Un jeune homme accompagne son père médecin dans ses tournées, ce qui nous donne l'occasion de visiter une gallerie de portraits qui se dessinent, non par le biais d’interminables descriptions, mais de détails épars et de discours rapportés. D'emblée, le roman se présente comme un récit à plusieurs voix, fidèlement (?) retranscrites par un narrateur qui se souvient de ce qu'il a vu et entendu, ou de ce qu'on lui a dit. La question de la mémoire apparait donc comme cruciale dans le livre, bien que cet enjeu ne soit que discrètement souligné tout au long du récit.

J'avoue qu'en dépit de ses thèmes scabreux, j'ai aimé ce roman. Les analyses sont d'une grande pertinence, le style du traducteur acceptable, malgré quelques problèmes de concordance des temps, et la manie de mettre un trop grand nombre de mots en italique afin d'en souligner le poids ou la portée. Déjà, trop d'italique tue l'italique. Deuxièmement, l'impression de lire des démonstrations lourdingues s'en est trouvée accentuée - il y a un moment où une telle coquetterie typographique rappelle les mauvais manuels de philos ...
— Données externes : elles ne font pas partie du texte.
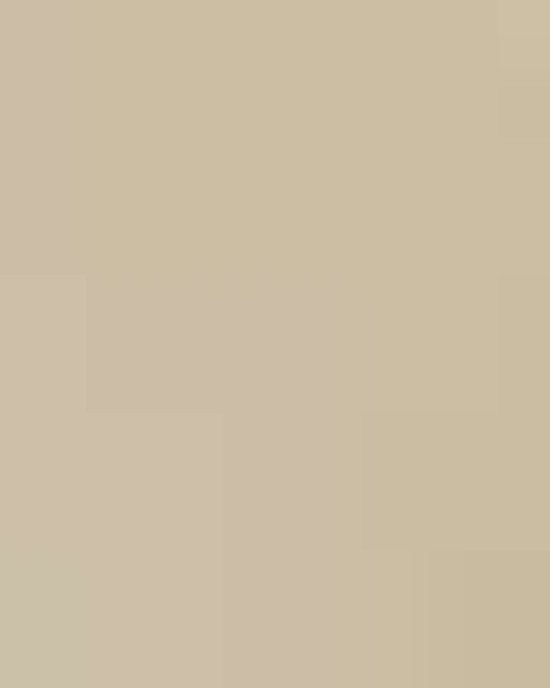 Men's Terry Loop Crewneck Sweatshirt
Autre bémol, la complaisance dans l'horrible - mais après tout, la perturbation est ce qui meut le roman et le monde dans leur ensemble .... Les passages critiquant l'Autriche profonde supposément dégénérée ne sont pas les plus convaincants (on sent que Bernhard avait envie de régler ses comptes avec ses compatriotes; en atteste la seconde partie, qui verse dans la haine un peu stérile).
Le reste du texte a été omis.